以上見てきたように、大東水害判決は、「改修計画が格別不合理であるか否か」が原則的な瑕疵判断の基準であると実務でも一部学説でも解釈されています。

つまり、「改修計画が格別に不合理である」と認められれば瑕疵があるというわけです。

そして、賠償責任が成立するためには、この瑕疵と損害発生の間に事実的因果関係が認められることも必要です(国家賠償法第2条第1項)。

したがって、原告は、「本件改修計画が格別に不合理であったから損害が発生した」と主張・立証しなければなりません。

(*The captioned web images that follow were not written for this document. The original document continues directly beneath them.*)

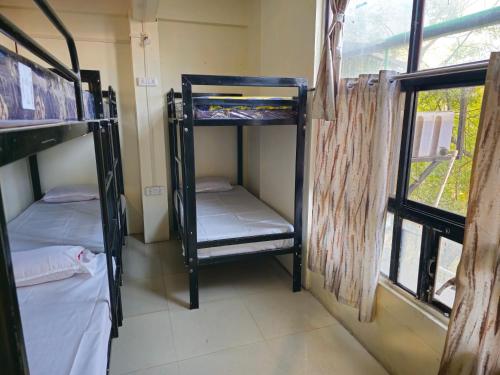 Imagen de la habitación del KSHIPRA GUEST HOUSE. Foto 12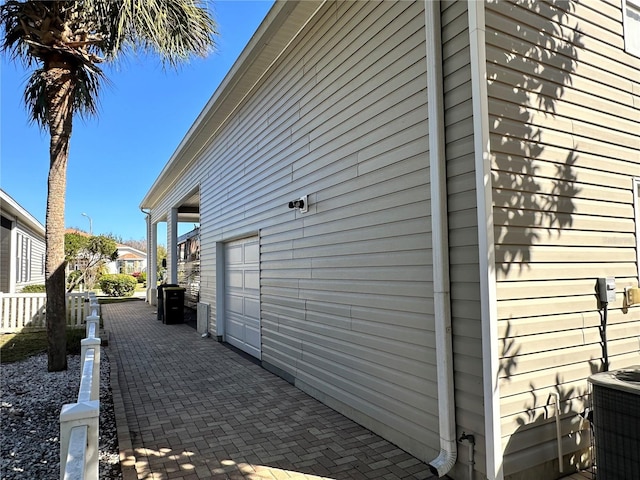 view of home's exterior with central AC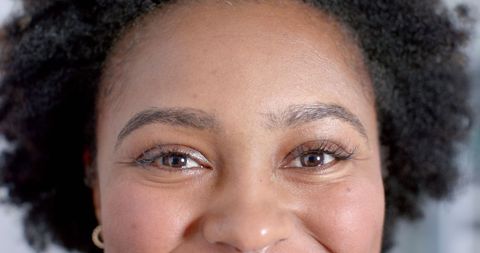 Close-up Portrait of Smiling Medical Professional with Natural Curly Hair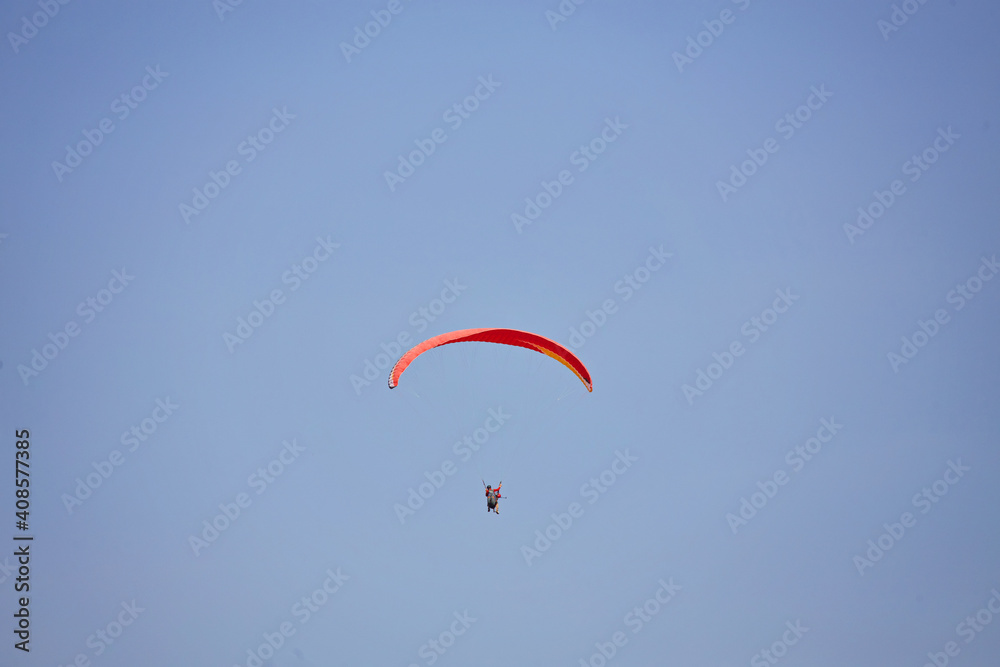 Paragliding in the sky. Paraglider flying in bright sunny day. Beautiful paraglider in flight on a turquise background. Paragliding in the sky. Paraglider flying in bright sunny day. Beautiful paraglider in flight on a turquise background.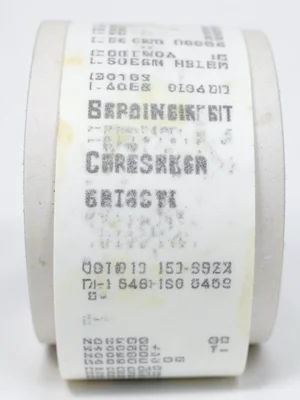 Receipt paper roll with spring garden checklist printed, curling at edges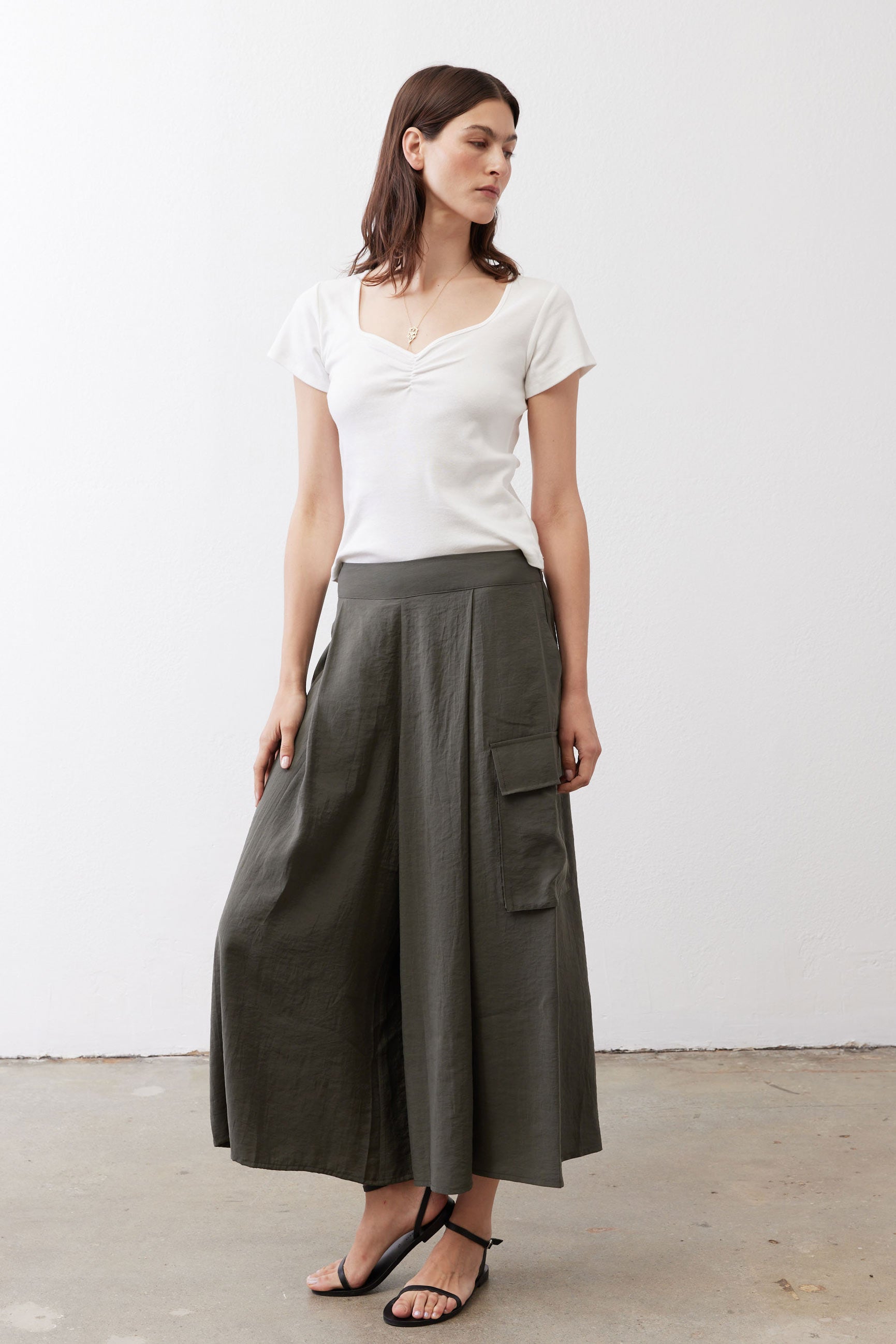 Olive cargo skirt pants with two cargo pockets and gathered elastic waistband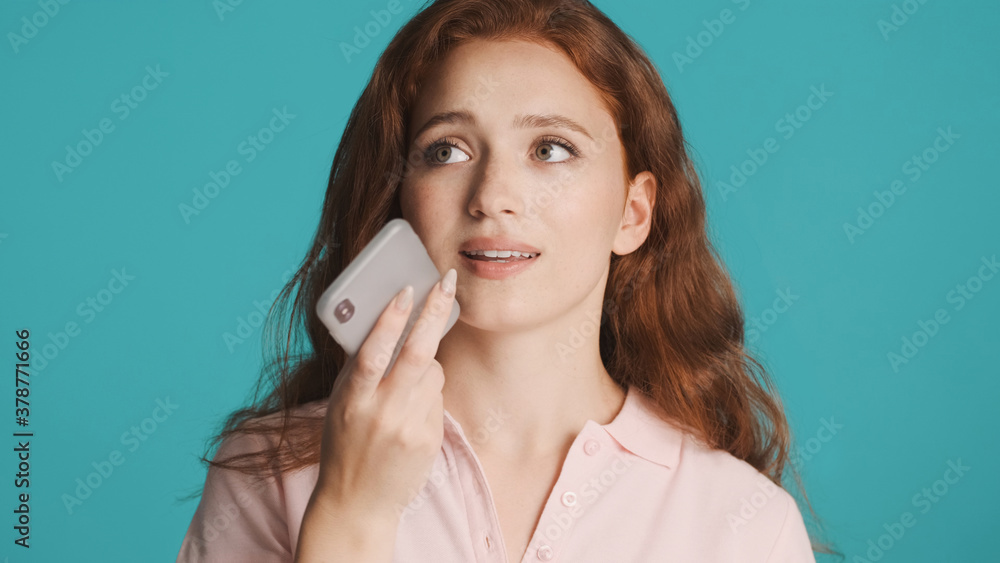 Beautiful girl recording voice message on smartphone over colorful background Beautiful girl recording voice message on smartphone over colorful background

そのためには、その裏命題である、「本件改修計画が格別不合理でなければ損害が発生することはなかった」が正しいことを論証しなければならないかというと、実務では必ずしも厳格なチェックをしているわけではなさそうですので、致命的に重要な問題ではないかもしれませんが、理論的には、改修計画の格別不合理性を瑕疵と解する説は、上記裏命題の論証ができないことが大きな欠陥だと思います。

一般論で言えば、日本の河川のほとんどは改修中の河川であり、その改修計画が格別不合理である場合は、滅多にないのだと思います。

それでも、毎年多くの河川で水害が発生しています。不可抗力と言うべき大洪水による場合を除いたとしても、相当数あると思います。

大東水害以降、これまでに提起された水害訴訟の事案のほとんどが、改修計画が格別不合理とは認められない場合であるにもかかわらず、水害が発生した事例でしょう。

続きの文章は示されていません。